ASLİYE HUKUK MAHKEMESİNE
DAVACI : TC:
Adresi:
VEKİLİ : Av.
DAVALI : 1. ... TC:
Adresi:
2. ... TC:
Adresi:
KONU : Tasarrufun iptali kaynaklı bedel tazminatı alacak talebidir.
DAVA DEĞERİ : İcra Takibi Aciz Belgesine göre ödenmemiş tutar olan ... TL'dir.
AÇIKLAMALAR :
I. MÜVEKKİL HAKKINDA ESASA İLİŞKİN BİLGİ:
...
II. DİLEKÇE ÖZETİ:
Aşağıda ayrıntılı olarak açıklanan dava konusu olayların maddeler halindeki kısa özetidir:
1. Müvekkilim ... İcra Müdürlüğü'nün / Esas Sayılı dosyasında Davalının alacaklısıdır.
2. Alacağın tahsili amacıyla ... tarihinde davalı aleyhine icra takibine başlanmıştır.

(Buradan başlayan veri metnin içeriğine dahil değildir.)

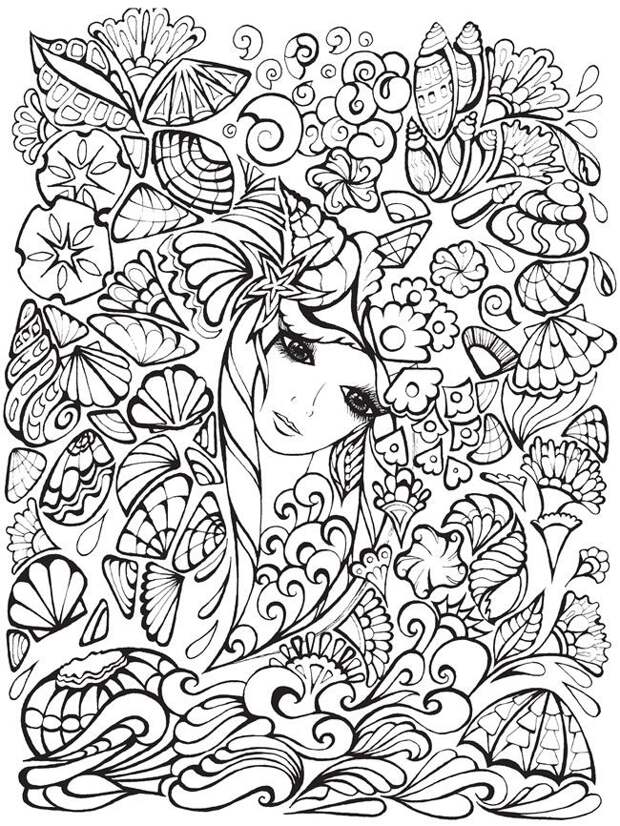 Creative Haven Fanciful Faces Coloring Book Welcome to Dover Publications: 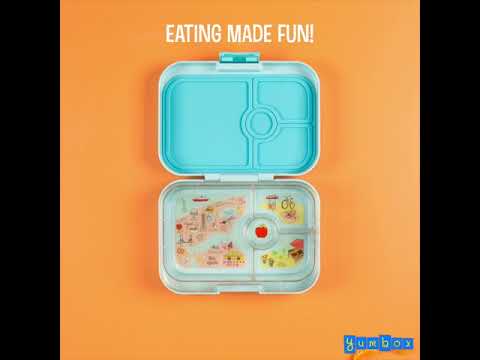 Yumbox Panino 4 oddelenia mocná ružová (dúha)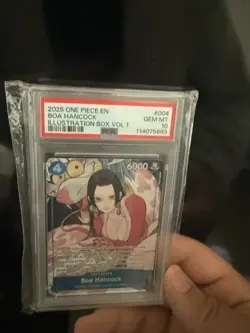 2025 One Piecer EN Illustration Box Vol 1 #004 Boa Hancock PSA 10 GEM MINT - Image 2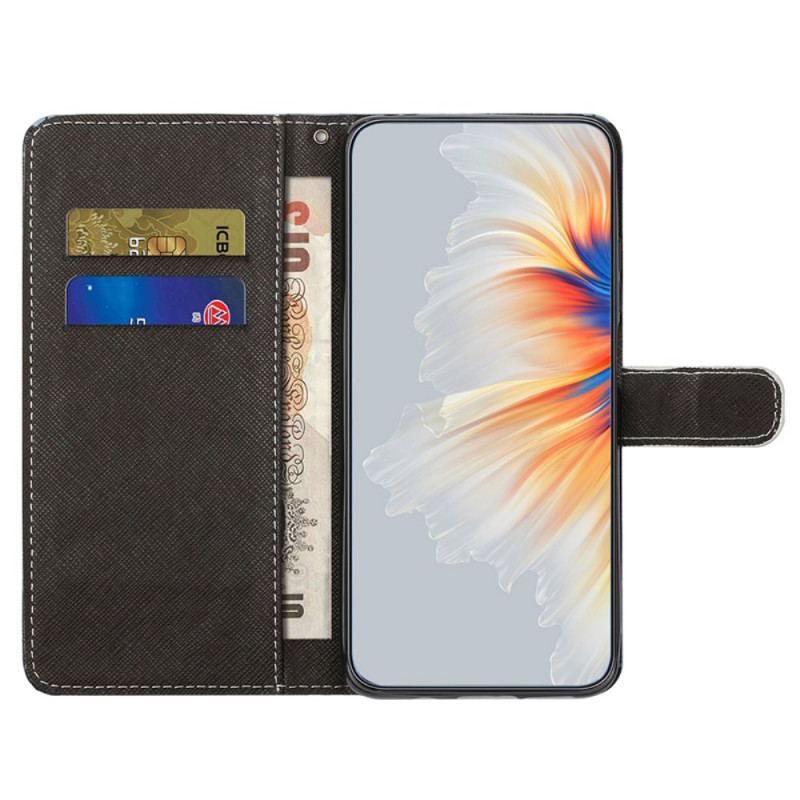 Flip Cover Samsung Galaxy S24 5g Strap-on Guldsmede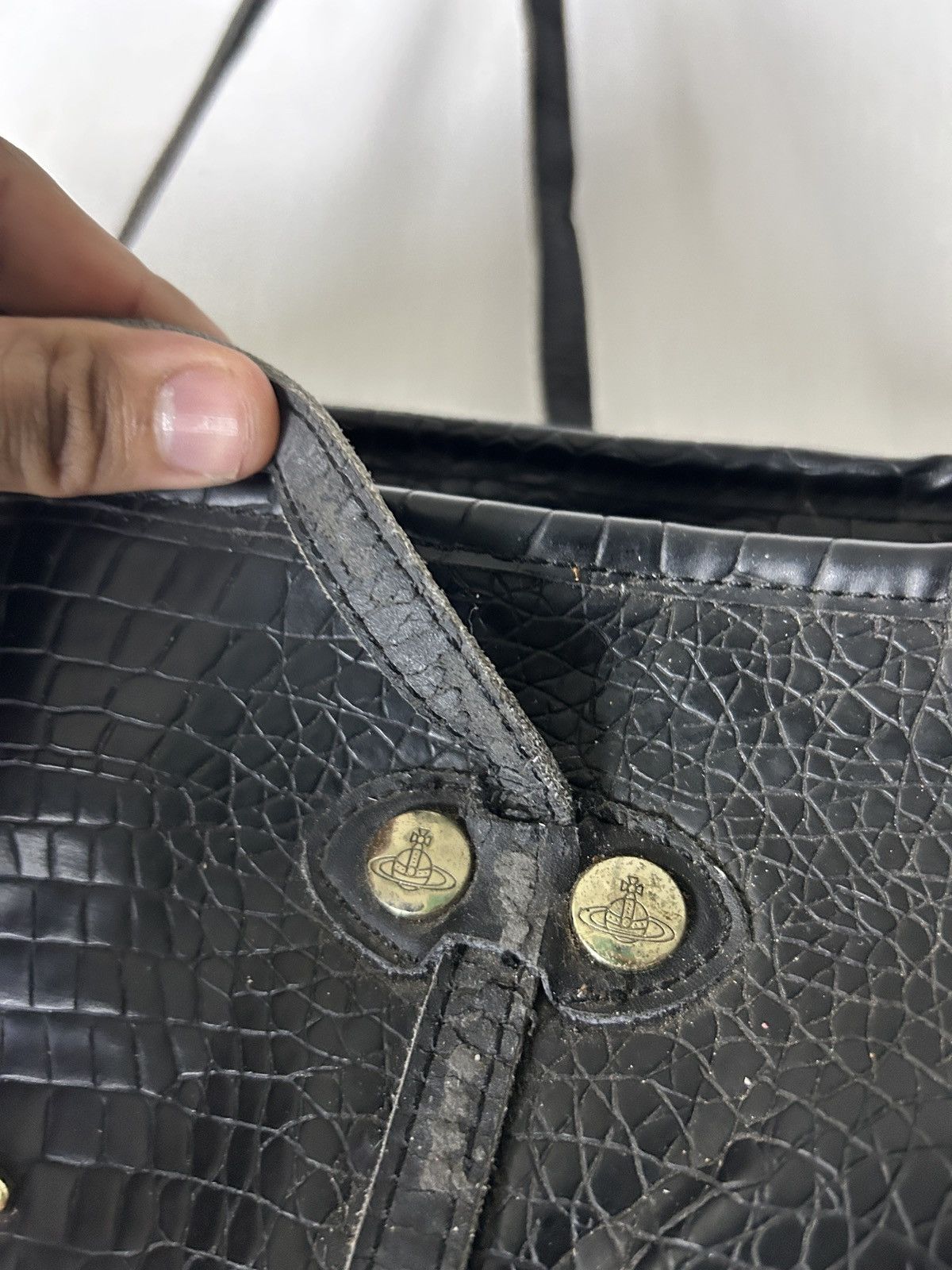 Vivienne Westwood Vivienne Westwood Black Leather Bag Size ONE SIZE - 4 Thumbnail
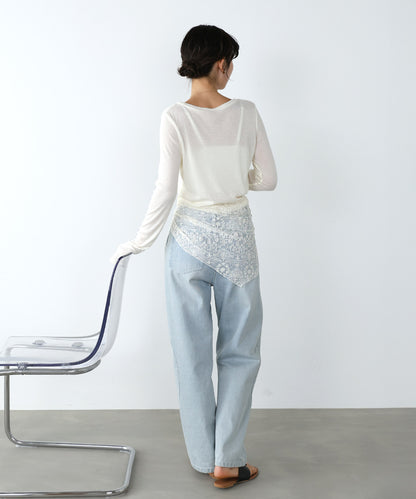 レーススカーフ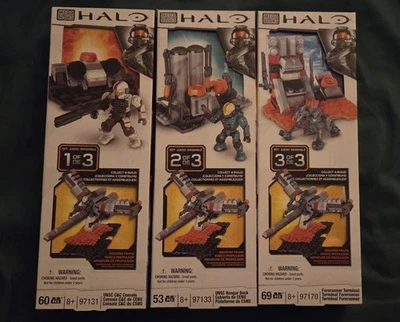 NEW - Halo Mega Bloks COMPLETE Set 97131, 97133 and 97170 - Image 1 of 2
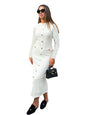 Autumn French Retro Slim Fit Slimming Knitted Dresses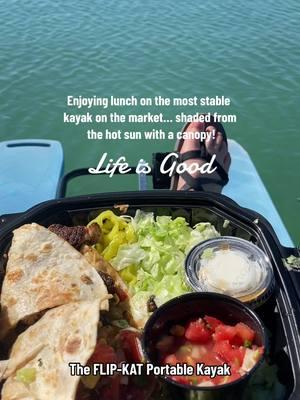 Much better than lunch at your desk! #FLIPKAT #NoisyRiverOutdoors #NRO #kayak #kayaker #kayaking #fishingboat #huntingboat #portablekayak #outdoorsman #sportsman 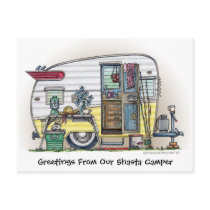 Shasta Camper Trailer RV Post Cards
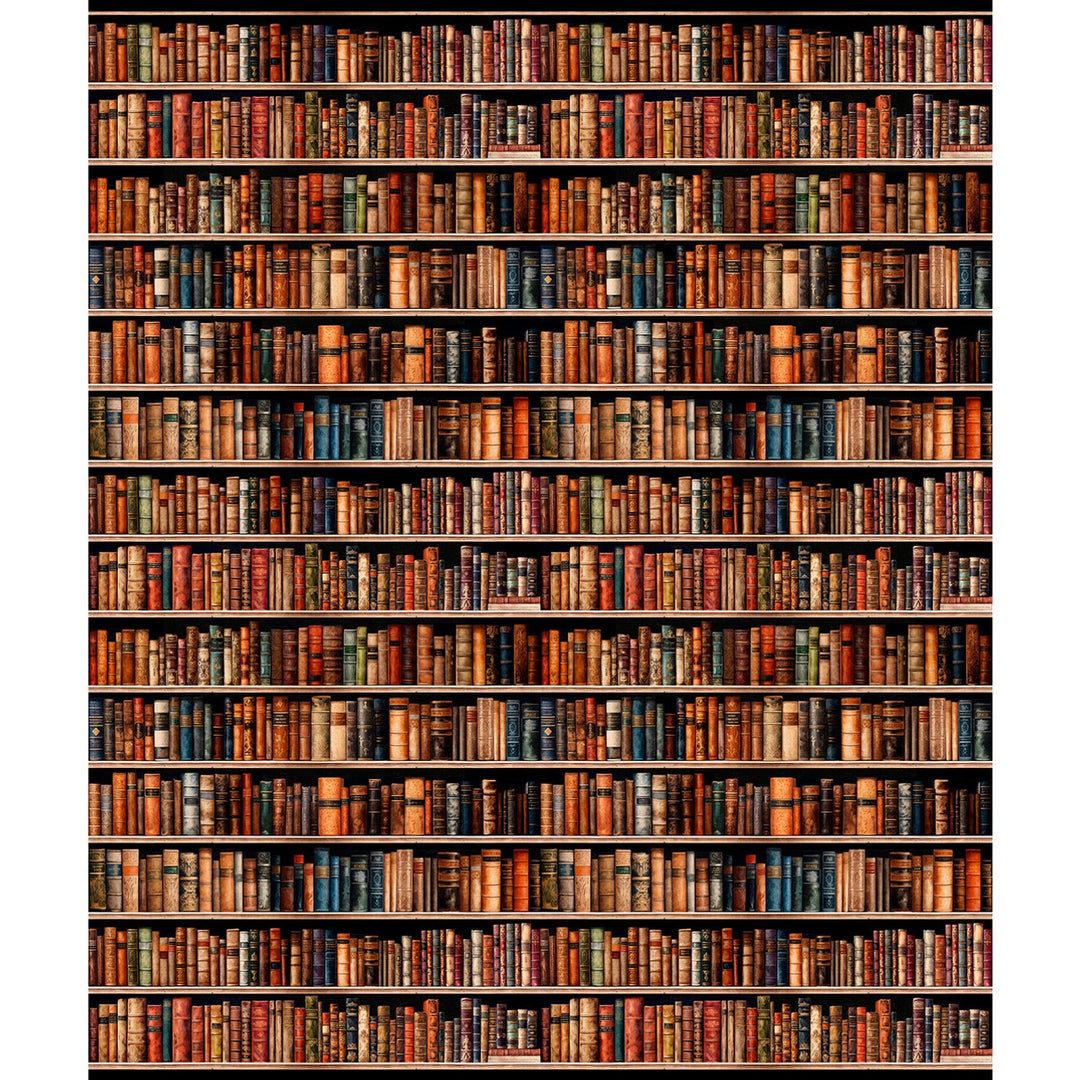 Bookworm - Book Shelves Stripe, Black - 30446-J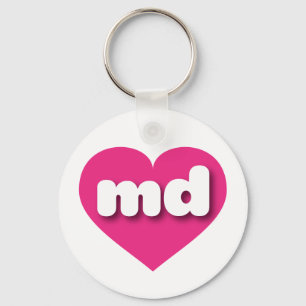 Maryland hot pink - I love md Key Ring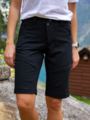 Twentyfour Flåm Light Softshell Lang Shorts Skyggesort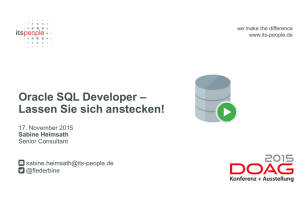 Oracle SQL Developer – Lassen Sie sich anstecken! - Its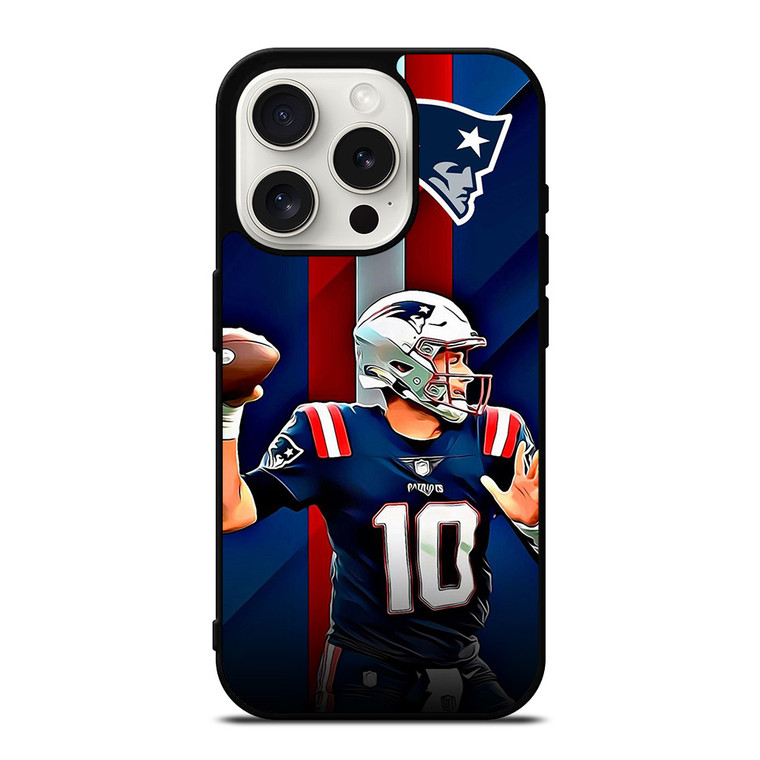 MAC JONES NEW ENGLAND PATRIOT NFL 2 iPhone 15 Pro Case Cover
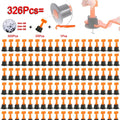 326-Pc Tile Leveling System – Spacers, Wedges & Wrench Kit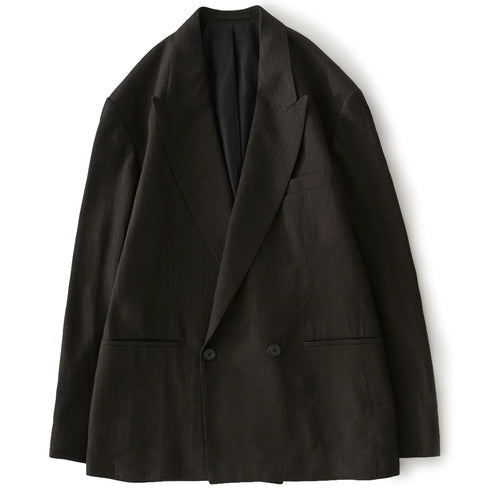 Studio Nicholson Daburu Jacket Espresso SNM-1172 degliuberti 1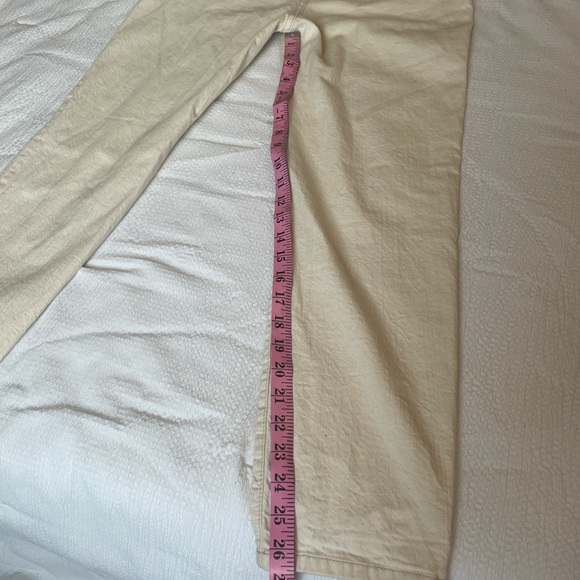 Kate spade Saturday cream denim long overalls XS extra small - Picture 8 of 8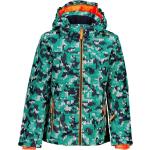 CMP Girl Jacket Snaps Hood emerald-b.blue-acqua (22ZF) 98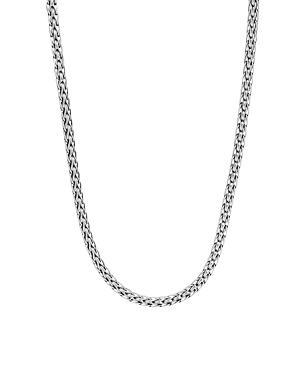 Womens Classic Chain Sterling Silver Slim Necklace Product Image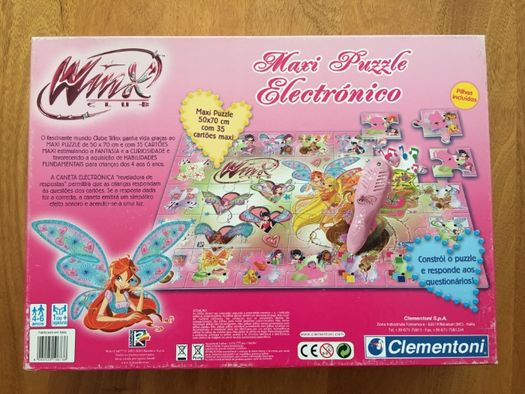 Maxi Puzzle Electrónico das Winx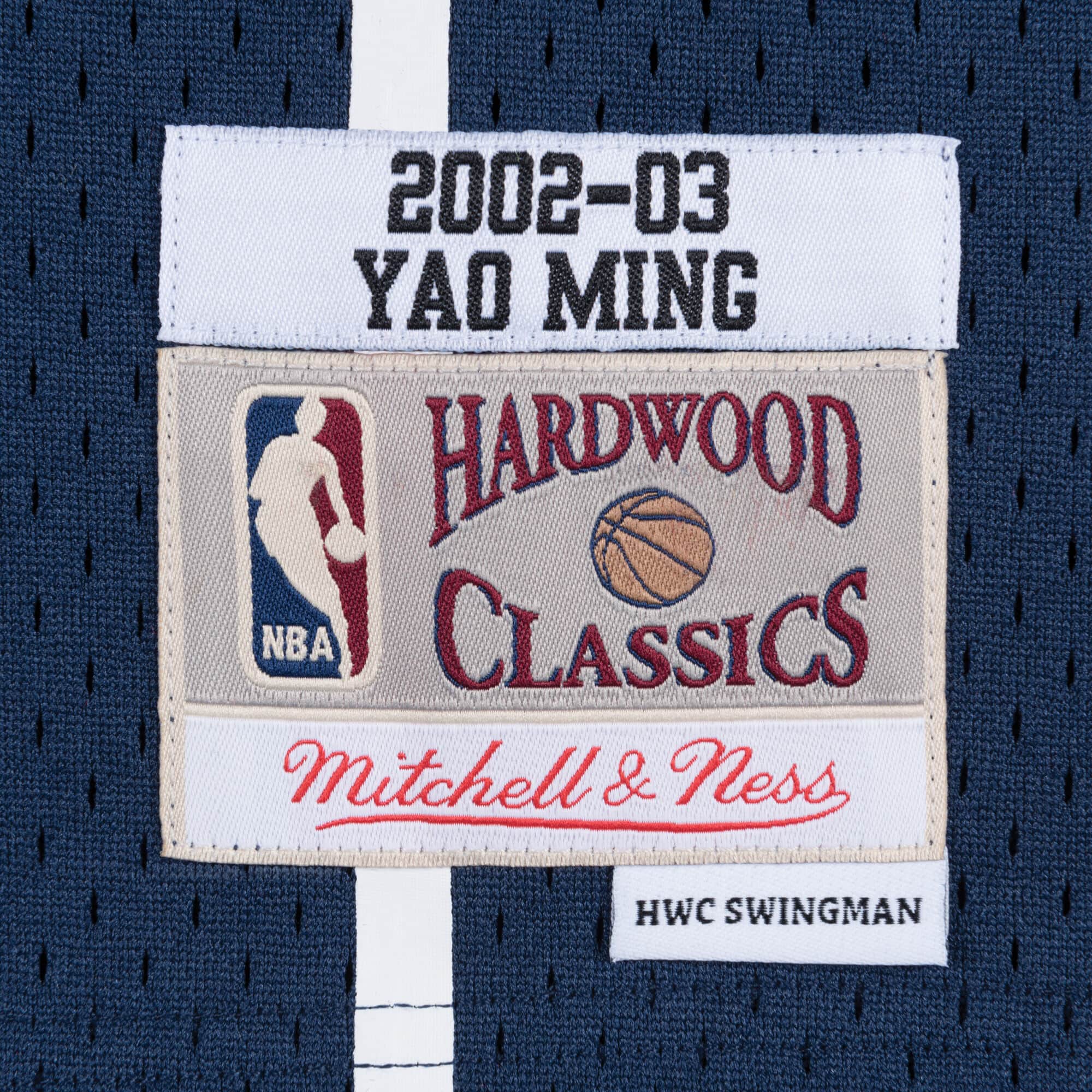 [SMJYGS18174-HRONAVY02YMI] Mens Mitchell & Ness NBA Swingman Road Jersey Rockets 02 Yao Ming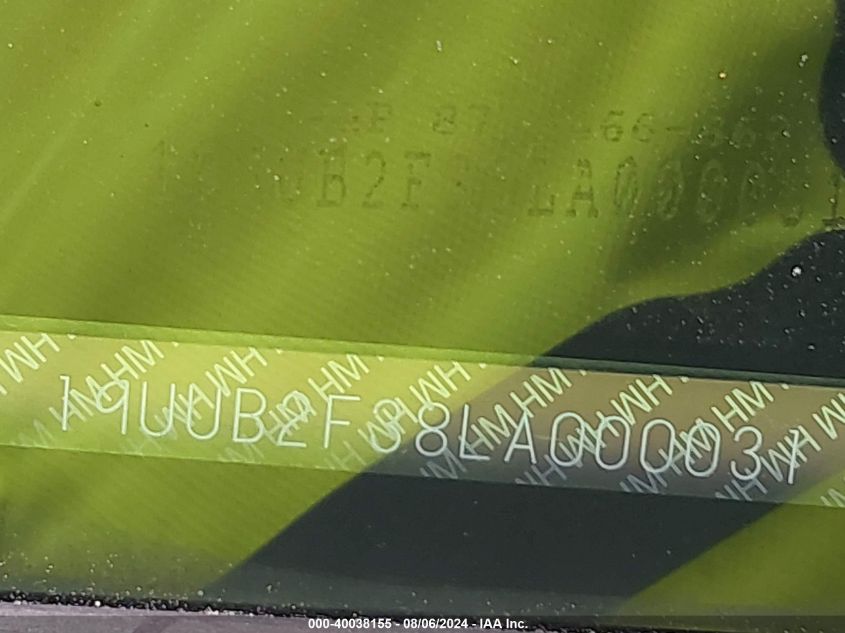 2020 Acura Tlx VIN: 19UUB2F38LA000031 Lot: 40038155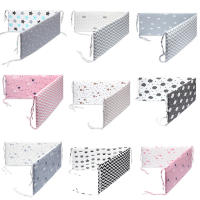 Parachoques para Cuna de Bebe, Barreras circulantes con Cremallera, Valla de Cama de Algodón trenzada, Protector de cuna para recien nacidos anticolisión, decoración de Habitación - details 1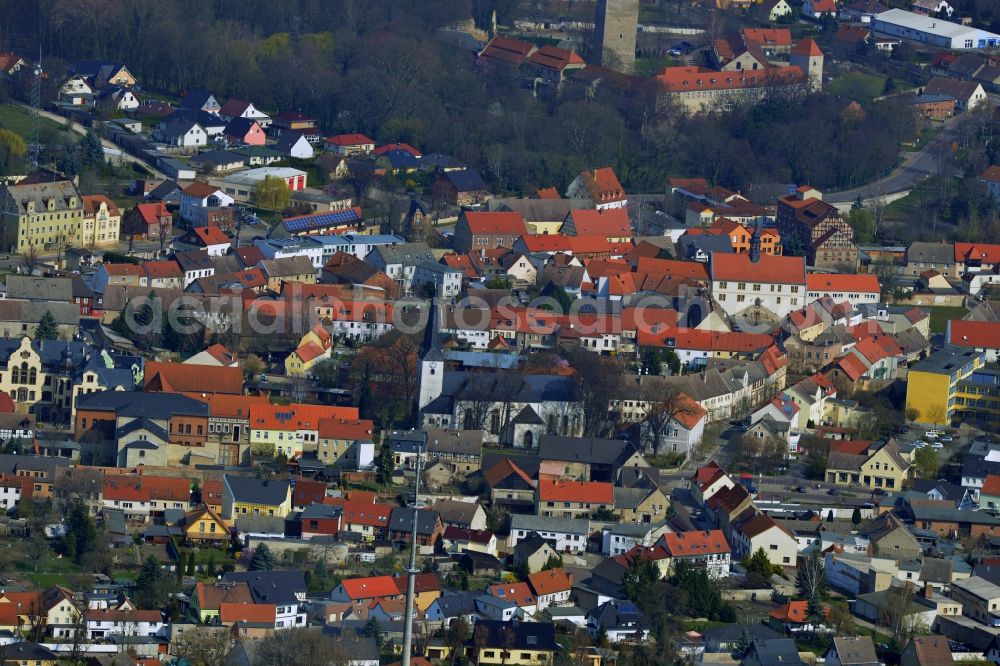 Wanzleben from the bird's eye view: The City center and downtown Wanzleben in Saxony-Anhalt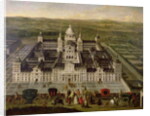 View of El Escorial by Spanish School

3. Takip sonrasında davalı tarafından adına kayıtlı araç muvazaalı olarak ...'ya devredilmiştir.
4. Söz konusu taşınmaz _._.20_ tarihinde dava dışı 3. şahısa satılması sebebiyle bedel tazminatı talebimiz vardır.
5. ...
III. USULE İLİŞKİN AÇIKLAMALAR:
1. ...
2. ...
IV. ESASA İLİŞKİN DETAYLI VAKIALAR VE HUKUKİ AÇIKLAMALAR:
Esasa ilişkin vakıaların ve hukuki iddialarımızın ayrıntılı açıklamalarıdır:
1. Borçlu muvazaalı olarak taşınmazı oldukça düşük bir bedel ile ...'ya devretmiştir.